Thursday, March 05, 2009

Worth doing badly
Years ago, a Friend at my meeting ministered on the subject of a job worth doing. Unlike my grandmother who repeated "if a job's worth doing, it's worth doing well" just about a thousand times in the course of my childhood, the ending was different. Trevor said: "if a job's worth doing it is worth doing badly".

Thinking about it was very liberating for me. I am by no means a perfectionist of the sort that can't bear to do a job sloppily, but I would often avoid doing a job at all if I knew I wasn't able to make a good job of it. Failing by not doing it at all seemed better than failing by doing the job badly.

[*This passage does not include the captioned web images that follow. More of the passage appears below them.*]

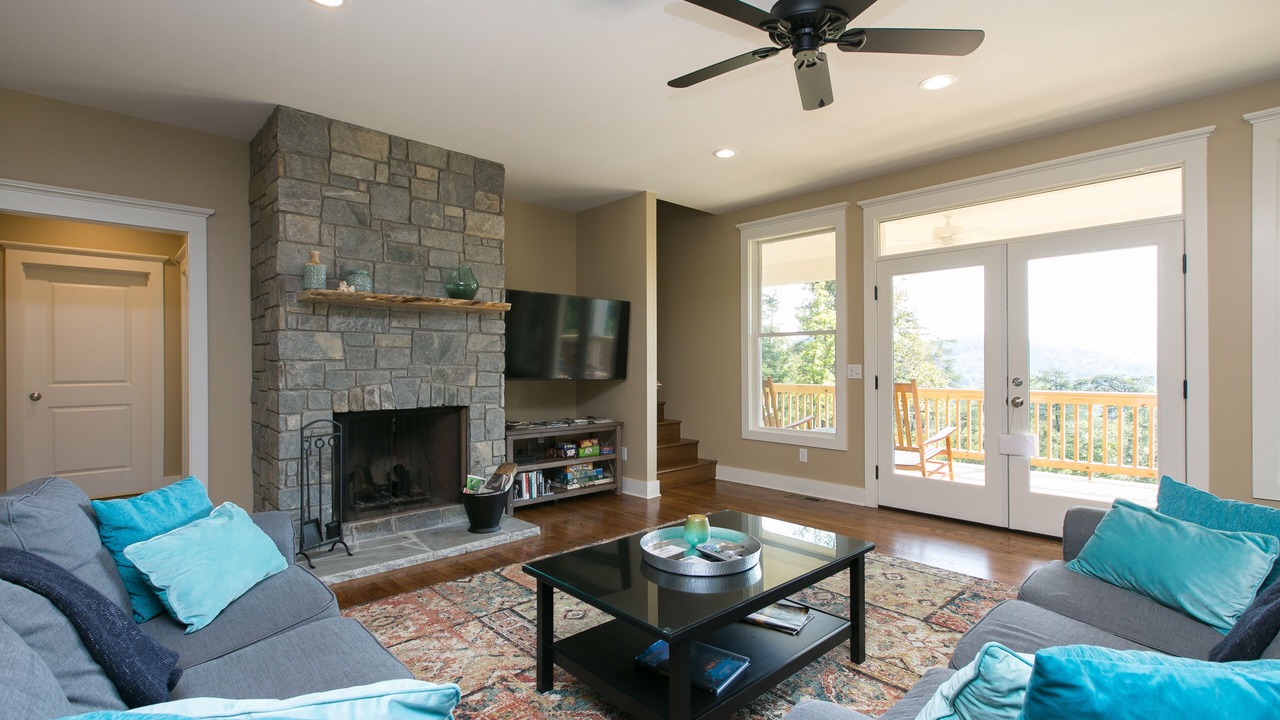 Photo of Livingroom in Asheville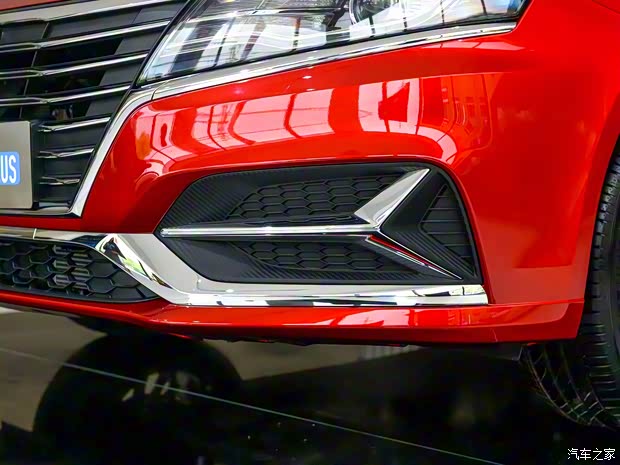 上汽集團(tuán) 榮威i6 2019款 PLUS 1.6L CVT 4G互聯(lián)榮耀旗艦版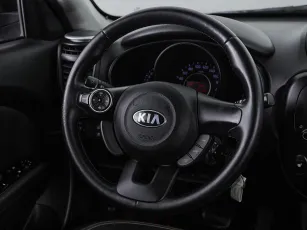 Kia  16
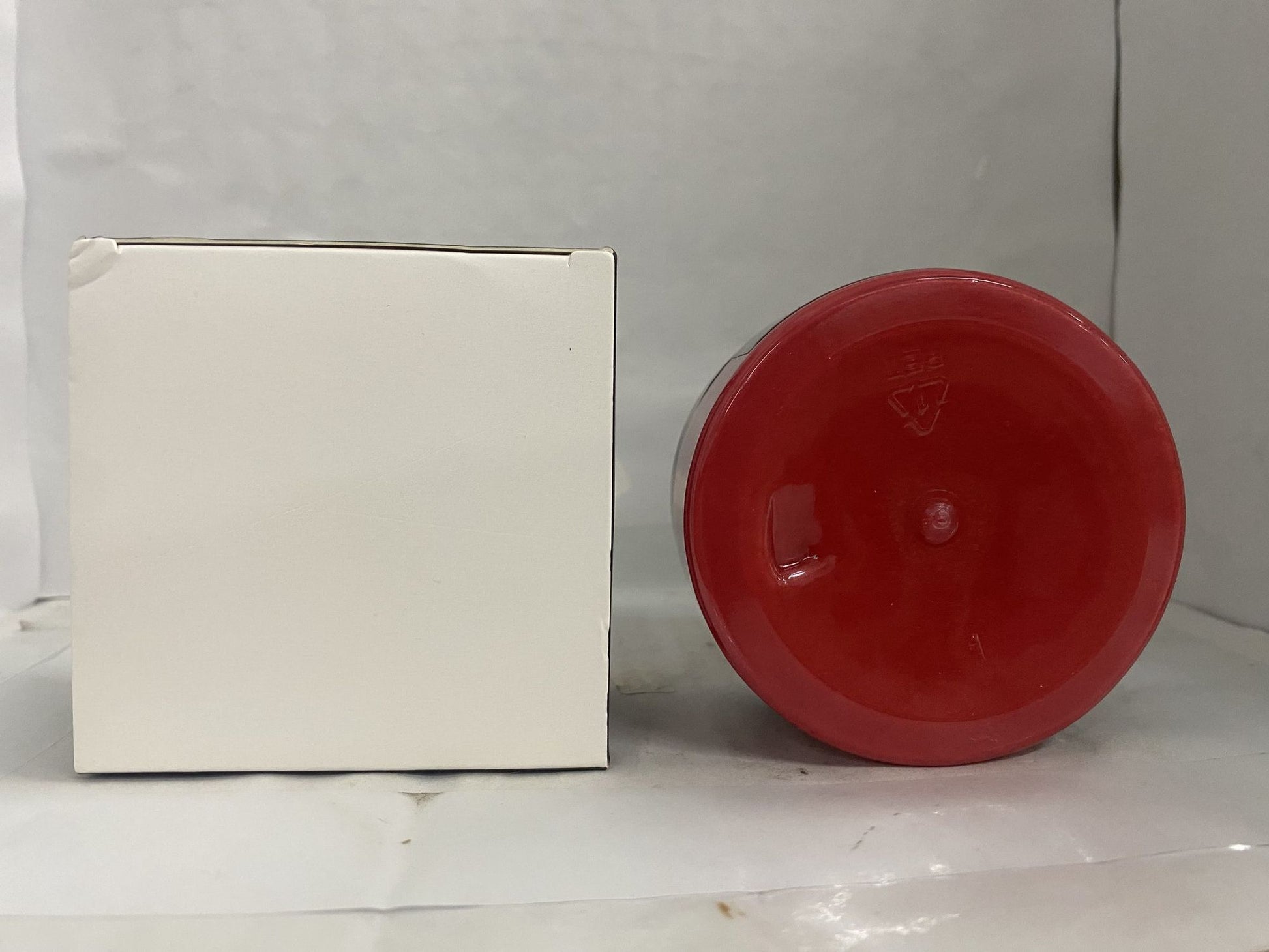 Bottom view of Hoegoa Edges Controller jar showing details of its packaging, highlighting extreme hold for hair.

His ministry allowed me to look at what he had said and know the truth in it: jobs that are worth doing, that need doing, are better done badly than not at all. It's true on all sorts of levels.

I was reminded of Trevor's ministry because today I had a bit of a shock. I was building in Second Life while listening to the incomparable Anton Lesser in the Falco mystery the Silvery Pigs. I would listen to Anton Lesser reading nonsense, I adore his voice, and I love his portrayal of Falco particularly. The episode I listened to was the final episode. As usual I loved the sound of Anton Lesser, but I realised that I liked the woman's voice too. In the drama she is a bit of an individual, a strong character who falls in love with Anton Lesser's character, and I thought she was very well cast, and had a lovely voice, but I had never bothered to find out her name.

Seen above, her name was Fritha Goodey, and this being the age of the internet I was able to look her up immediately, found a wikipedia entry and learned to my immense shock that she had stabbed herself to death in 2004. People always say nice things about someone after they have died, particularly when they die in tragic circumstances, but it seems that people were saying nice things about this actress when she was alive. She had a loving and supportive family, friends and colleagues who liked and respected her. It seems she was beautiful, kind, talented.

And yet she killed herself. Something about her life was so unbearable that killing herself seemed preferable. People said in the news reports about her death that she had been anorexic, and was such a perfectionist that she put herself through agonies wondering if she would let productions down... and even success and bigger and better parts hadn't made that go away. Often it seems it isn't the student destined to get none of their GCSEs who kill themselves through fear of failure - they don't expect to pass and it comes to no one as a surprise when they don't. It is the ones who are predicted to do very well that often can't cope with the pressure to perform, the pressure to live up to this perfect view that the world has of them.

I fear that I am a one tune guitar, but I think schools and our system of education can take the blame for much of that attitude, where exams are emphasised as though lives will be ruined on the stroke of a pen. It doesn't work like that in the real world... people fail exams, they move on and retake, or do something else entirely.

Everyone is different, everyone responds to pressure to perform differently. That's why I believe a one-size-fits-all education system that doesn't respond to the needs of the indiviual children with it is wrong wrong WRONG. And why I am going to be telling my grandchildren, that a job worth doing is worth doing badly.